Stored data

>>

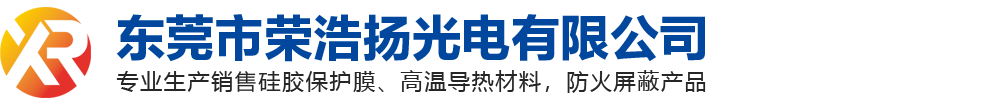 企業(yè)通用模版網(wǎng)站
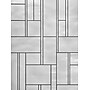 Artscape Empire Window Film, 24" x 36" (02-3750)~#|#~1D9A23C7-2196-4C1C-99077F8F3F615CA6_sc7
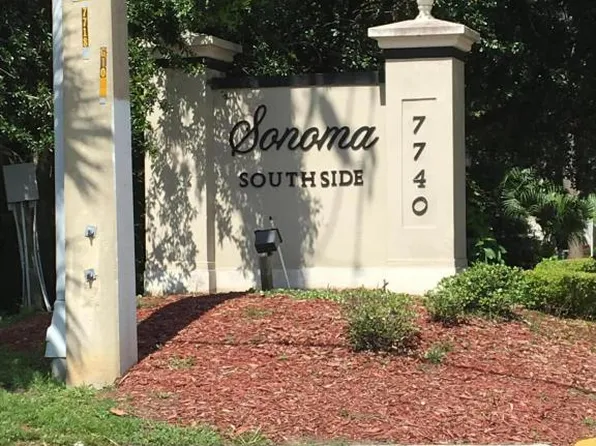 7740 Southside Blvd APT 2605, Jacksonville, FL 32256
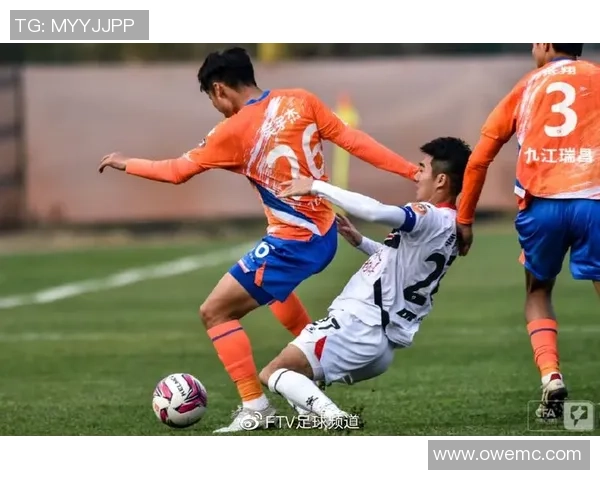 南京篮球队强势领跑总决赛积分榜以93分领先其他球队 南京篮球队强势领跑总决赛积分榜以93分领先其他球队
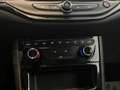 Opel Astra ST 1.2T S/S GS Line 130 - thumbnail 18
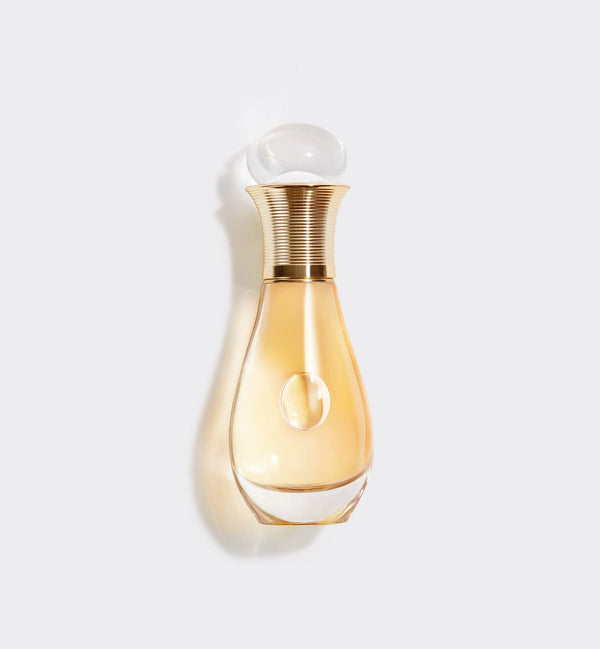J'ADORE EAU DE PARFUM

<<

■ What is expected ■
Word for word, give the data above again, without any images.

■ Output below ■
 企業(yè)通用模版網(wǎng)站
 Artscape Empire Window Film, 24" x 36" (02-3750)~#|#~1D9A23C7-2196-4C1C-99077F8F3F615CA6_sc7
 7740 Southside Blvd APT 2605, Jacksonville, FL 32256
 南京篮球队强势领跑总决赛积分榜以93分领先其他球队 南京篮球队强势领跑总决赛积分榜以93分领先其他球队
 Opel Astra ST 1.2T S/S GS Line 130 - thumbnail 18
J'ADORE EAU DE PARFUM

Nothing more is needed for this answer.